The Tier 6 pension loophole for cops, firefighters

by E.J. McMahon |  | NY Torch

The Tier 6 pension “reform” enacted by New York last year applies to all state and local employees who join the state Employee Retirement System or the Police and Fire Retirement System after April 1, 2012. However, the law included a big loophole for police and firefighters, in particular—as is only now becoming publicly apparent, thanks to a detail of the proposed contract extension for Nassau County cops.

The loophole in question is Section 80 of the Tier 6 law (Chapter 18 of the Laws of 2012), which reads as follows:

Notwithstanding any provision of law to the contrary, nothing in this act shall limit the rights accruing to employees pursuant to a collective bargaining agreement for the unexpired term of such agreement or the eligibility of any member of an employee organization to join a special retirement plan open to him or her pursuant to a collectively negotiated agreement with any state or local government employer, where such agreement is in effect on the effective date of this act [April 1, 2012] and so long as such agreement remains in effect thereafter …

A similar provision with the same intent was included in the Tier 5 pension law, which was the product of a December 2009 agreement between then-Governor David Paterson and the Legislature.
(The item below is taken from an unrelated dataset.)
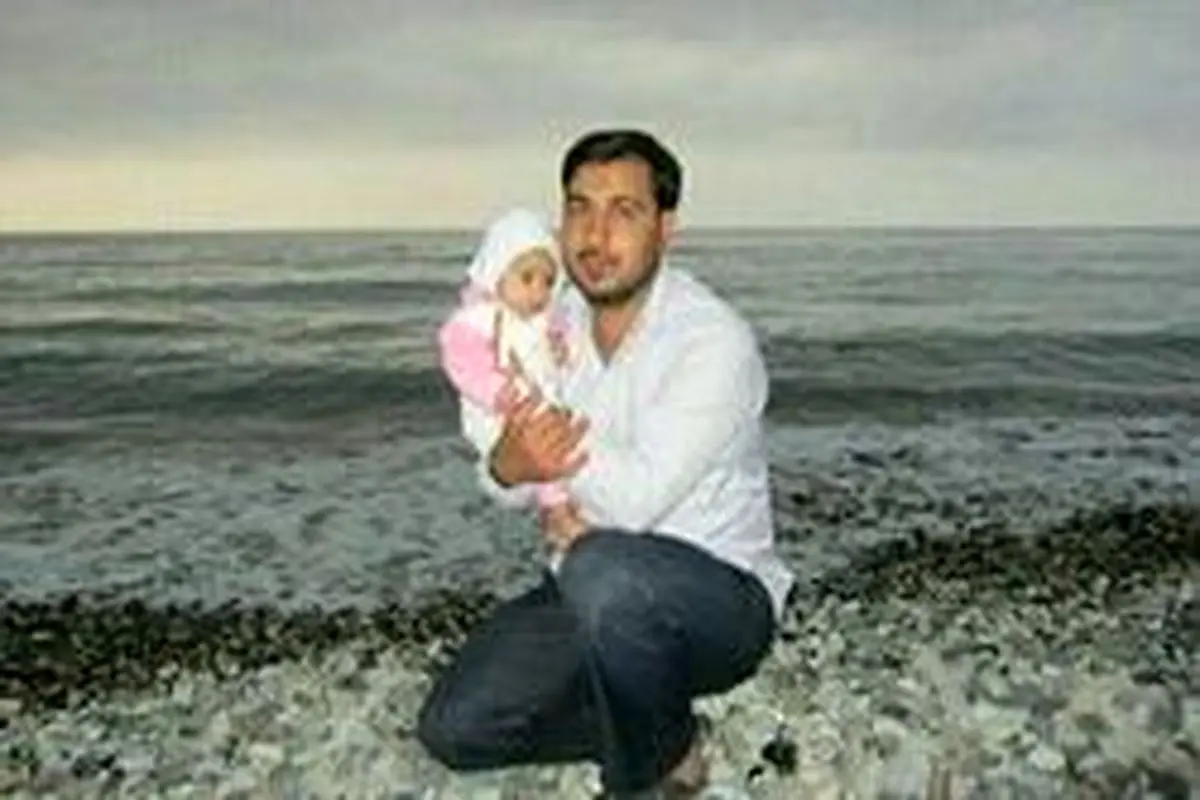 قاتل شهید مدافع امنیت دستگیر شد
On the face of it, both provisions conflict with Section 201.4 of Article 14 of the state Civil Service Law (better known as the Taylor Law), which says that negotiable terms and conditions of employment “shall not include any benefits provided by or to be provided by a public retirement system, or payments to a fund or insurer to provide an income for retirees, or payment to retirees or their beneficiaries.”  The Taylor Law provision concludes: “No such retirement benefits shall be negotiated pursuant to this article, and any benefits so negotiated shall be void.” [emphasis added]
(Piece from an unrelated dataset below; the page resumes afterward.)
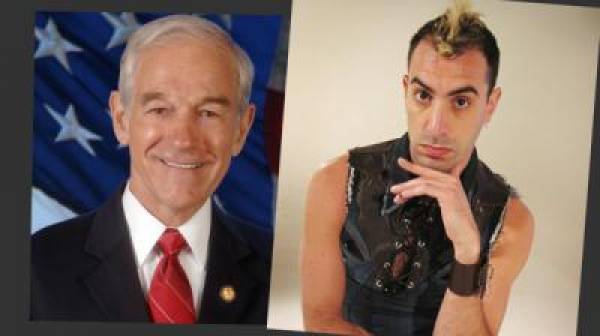 Ron Paul Bruno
It would hard to find language more explicit than that. Pension benefits cannot be enforceablymandated as part of a union contract negotiation.  Is that clear?

Yet, for decades since the enactment of that section, the state and many of its local governments have continued to negotiate police and fire contracts that specifically identify non-contributory pensions among the benefits available to union members, almost entirely in the case of police and firefighters. The Tier 5 and 6 loopholes presumably arose out of fear that the conflict between Taylor Law and contract provisions might give rise to litigation by unions, despite the clear meaning of Section 201.4.

Earlier this year, in cases involving firefighter unions in Yonkers and Oswego, Court of Appealsruled that once contracts expire, non-contributory pension “rights” expire with them, notwithstanding the Tier 5 provision and the Taylor Law’s Triborough Amendment. But the current contract between Nassau County and its Police Benevolent Association extends through 2015; with the county reportedly planning to hire up to 500 new officers before then, the net present value of the added expense of giving them non-contributory pensions during their working lives could easily run into tens of millions of dollars.

Of course, the way for the county to avoid this cost would be to minimize hiring before the contract expires.  Another would be to simply deny non-contributory benefits to new hires the both the contract and the Tier 6 law conflict with Section 201.4 of the Taylor Law–although that would be a legal long-shot with up front costs.

The county has chosen a third way: as part of the trade-off for salary hikes for current cops, the PBA agreed to include this clause in their proposed agreement:

The PBA acknowledges that bargaining unit members hired after the full effective date of this Agreement shall be enrolled in Tier VI Contributory Plan of the New York State Police and Fire Retirement System.

By itself, this certainly doesn’t make the Nassau deal a good one in financial terms; that would only be true if the net present value of the concessions fully offsets the added cost of unfreezing salaries both the short and long terms, which the county has not demonstrated.

Nassau aside, the same Tier 6 pension loophole will affect the state itself as well as any local government that had a non-contributory pension provision in a contract that was in effect in April 2012 and is still in effect now.

PS – Speaking of Nassau County, Governor Cuomo has suddenly appointed a new chairman to the Nassau Interim Finance Authority (NIFA). Under holdover Chairman Ronald Stack, whose term expired at the end of last year, NIFA has reacted very skeptically to the PBA deal. Both the timing and the governor’s choice of new chairman –North Hempstead town Supervisor Jon Kaiman, a lawyer and politician who with no professional background in accounting or finance — seem questionable, to say the least.



- E.J. McMahon is the Research Director at the Empire Center for Public Policy.